Jews from North Africa introduced this intensely flavored condiment to Israeli cuisine.
Salt-preserved lemons are easy to make and versatile, but they do need about five weeks to mature. Once your preserved lemons are ready, you’ll find yourself reaching into the jar again and again, whenever you need to add bright flavor to sauces, chicken, stews and vegetables.
Another great thing about having preserved lemons on hand is that they substitute very well for fresh lemon juice in savory dishes. Omit the salt in the recipe, then crush a small amount of these soft lemons with a fork and add to the dish as it cooks. You may need to re-adjust salt later.
In wintertime, very small, round lemons appear in the shuk.
Those are excellent for pickling in salt. But any lemon works, and so do limes. These instructions may be freely adapted to suit any quantity. You will need lemons, kosher salt, optional herbs and a very clean and very dry glass jar into which your lemons will fit tightly.
Some like to color their salted lemons with paprika.

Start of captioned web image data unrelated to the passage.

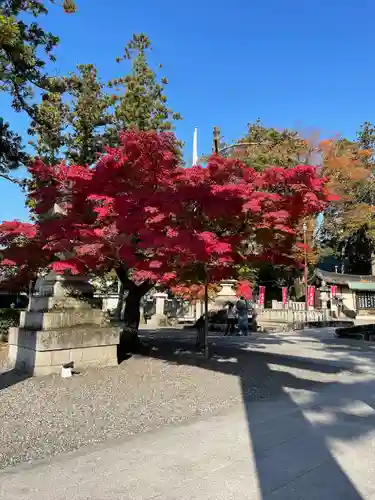 多賀大社(滋賀県)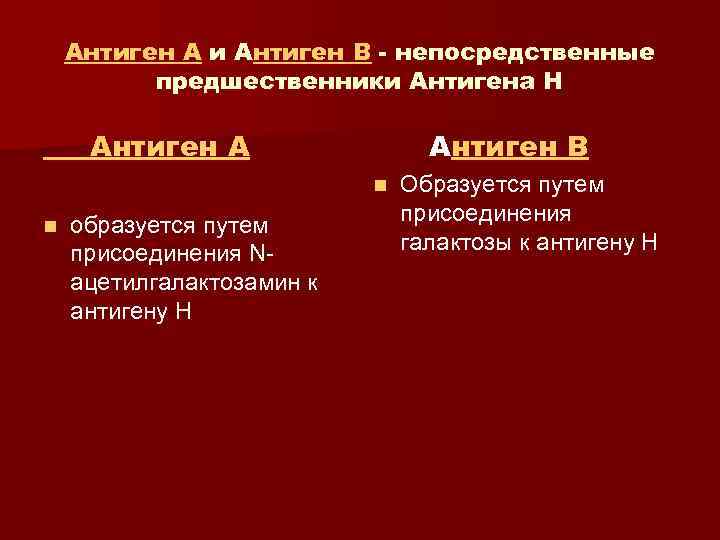 Антиген A и Антиген B - непосредственные предшественники Антигена H Антиген A Антиген B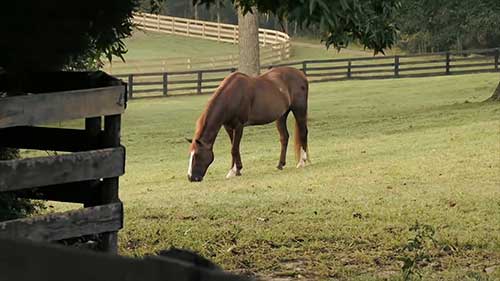 参观Triple Crown袋装饲料加工厂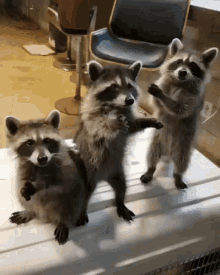 Triplets Raccoon GIF - Triplets Raccoon Raccoons GIFs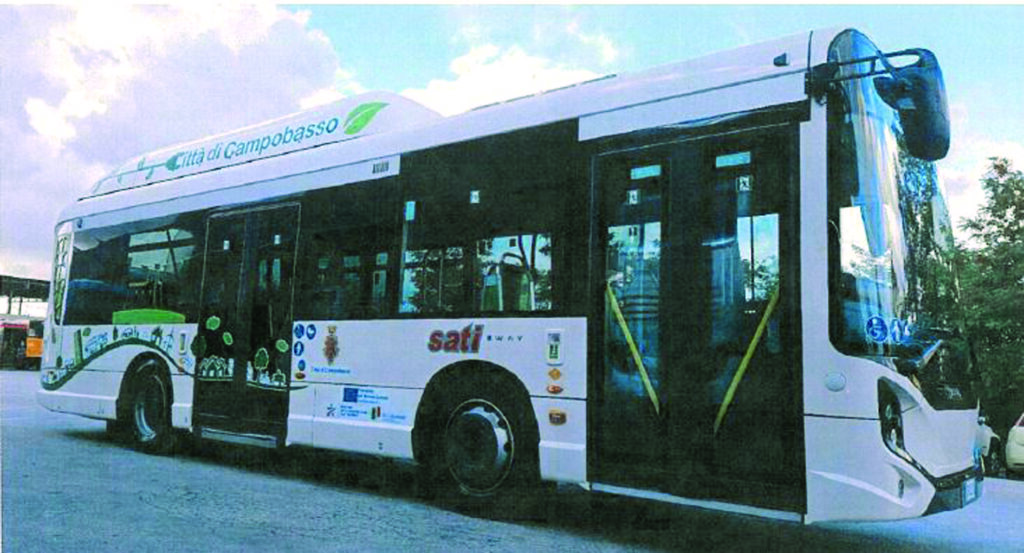 Campobasso. Bando sul trasporto, per il Tar la Sati andava esclusa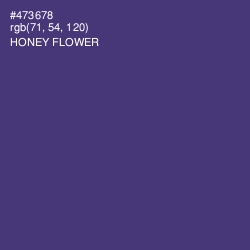 #473678 - Honey Flower Color Image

This bowlful was photographed at the Mahaneh Yehudah shuk, Jerusalem.
Always remove the lemons with a clean, dry fork or spoon. A wet utensil or fingers in the jar will cause them to spoil.
Rinse the lemons to free them of excess salt if serving them as a garnish.
Some like to use only the peels, some only the flesh of the lemons. I use both for a strong flavor. For a less assertive taste, I separate the flesh and use only the peels, slivered.
The brine in the jar may be used sparingly to add interest to rice and other grains, or added to marinades.